Mucho más joven que Francisco, José Luis Romero[5] había iniciado su vida intelectual en 1930 como miembro de un grupo de la vanguardia artística integrada también por el fotógrafo Horacio Cóppola (futuro marido de la fotógrafa alemana Grete Stern). Según su propio testimonio, su primera pasión intelectual como historiador había sido la historia de la antigüedad clásica. Influenciado por tempranas lecturas —a las que lo incitaba su hermano— de Ernest Renan, Curtius (el historiador antiguo, no él filólogo), Glotz, Mömmsen y Plutarco, decidió poco tiempo después de comenzados sus estudios, que su especialidad sería la historia de la Grecia antigua. En la universidad, estudió con los principales referentes de la Nueva Escuela, pero también pudo asistir a los cursos de Clemente Ricci, a quien consideró siempre como el más importante de sus profesores universitarios. Allí habría cambiado de orientación debido a la influencia de su director de tesis, Pascual Guaglianone, quien le sugirió concentrarse en historia romana en vez de griega. Su trabajo de investigación se centró en los aspectos políticos de la historia romana, aproximándose a discusiones candentes en el escenario intelectual contemporáneo: el Estado y la crisis de las instituciones republicanas. Ambos libros —tanto El estado y las facciones en la antigüedad (1938) como La crisis de la República Romana (1942)— tuvieron su origen en cursos impartidos por Romero en el Colegio Libre de Estudios Superiores, aunque los materiales en que se basaron habían formado parte originalmente de su tesis de licenciatura.
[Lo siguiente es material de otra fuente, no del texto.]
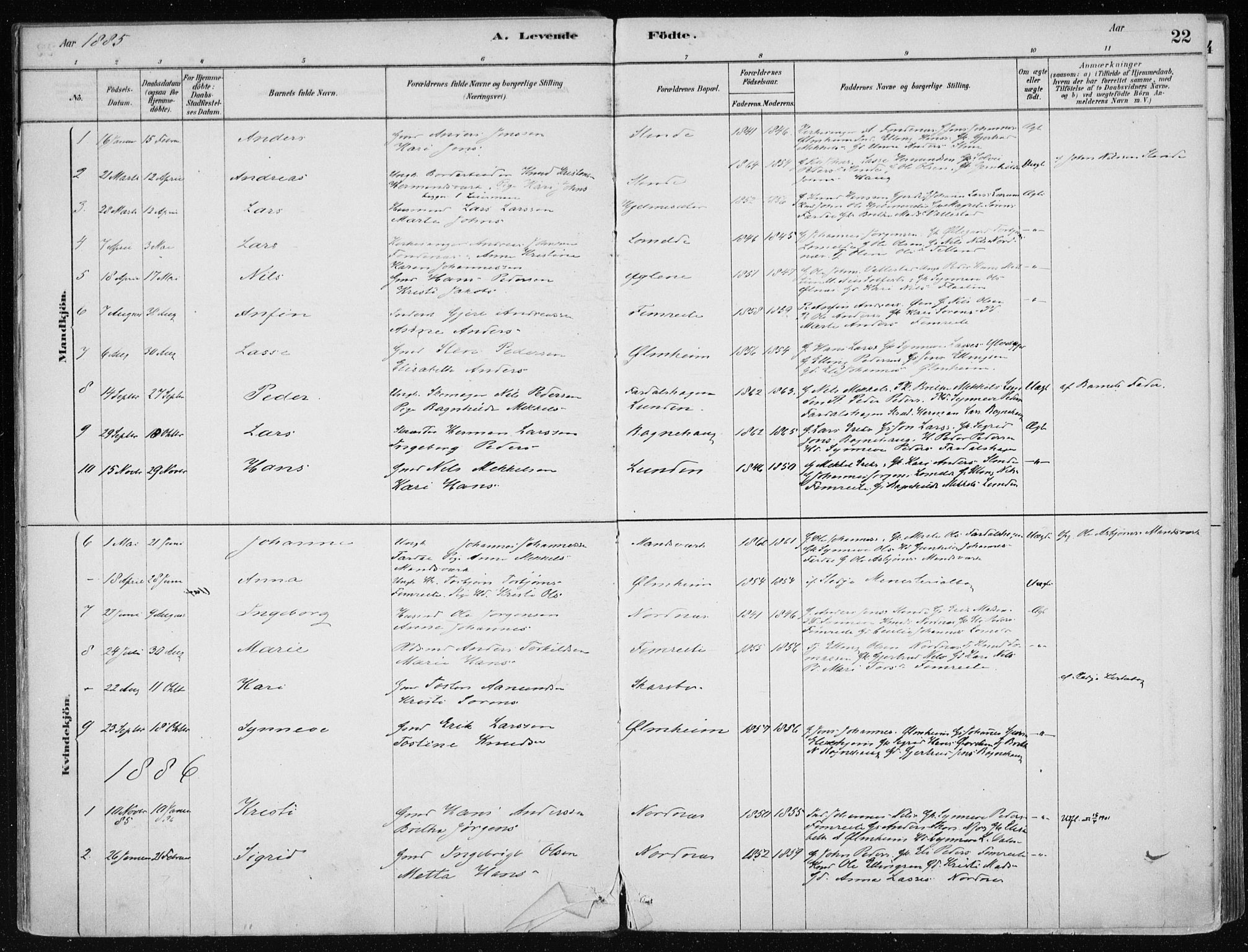 Sogndal sokneprestembete, SAB/A-81301/H/Haa/Haac/L0001: Parish register (official) no. C 1, 1878-1907, p. 22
En su tránsito de una historia política a otra cultural parece haber obrado de un modo decisivo su contacto con otros dos campos del saber histórico: la historia de la historiografía y la historia medieval. Habiendo ejercido la docencia secundaria —como era entonces la norma— desde su graduación hasta 1946, su carrera universitaria se inició de un modo más gradual y en estrecha asociación con la UNLP. Formó parte del Centro de Estudios Históricos a partir de mediados de la década de 1930, pero accedió a su primer cargo docente recién en 1942, cuando ganó el concurso por la titularidad de la cátedra de Historia de la Historiografía, ejercida hasta ese momento por Rómulo Carbia. Si bien su reflexión acerca de la naturaleza de la historia se remontaba a los años treinta, fue entonces cuando logró ordenar los materiales que luego formarían parte de una serie de obras de carácter historiográfico tales como el bellísimo Maquiavelo historiador (1943), La historia y la vida (1945), Sobre la biografía y la historia (1945), De Heródoto a Polibio. El pensamiento histórico de la adtura griega (1952), una reedición (con un prólogo sustancioso) de la temprana obrita de Vicente Fidel López, Memoria sobre los resultados generales con que los pueblos han contribuido a la civilización de la humanidad (1943), y un artículo significativo sobre la obra histórica de Mitre, publicado en el diario La Nación.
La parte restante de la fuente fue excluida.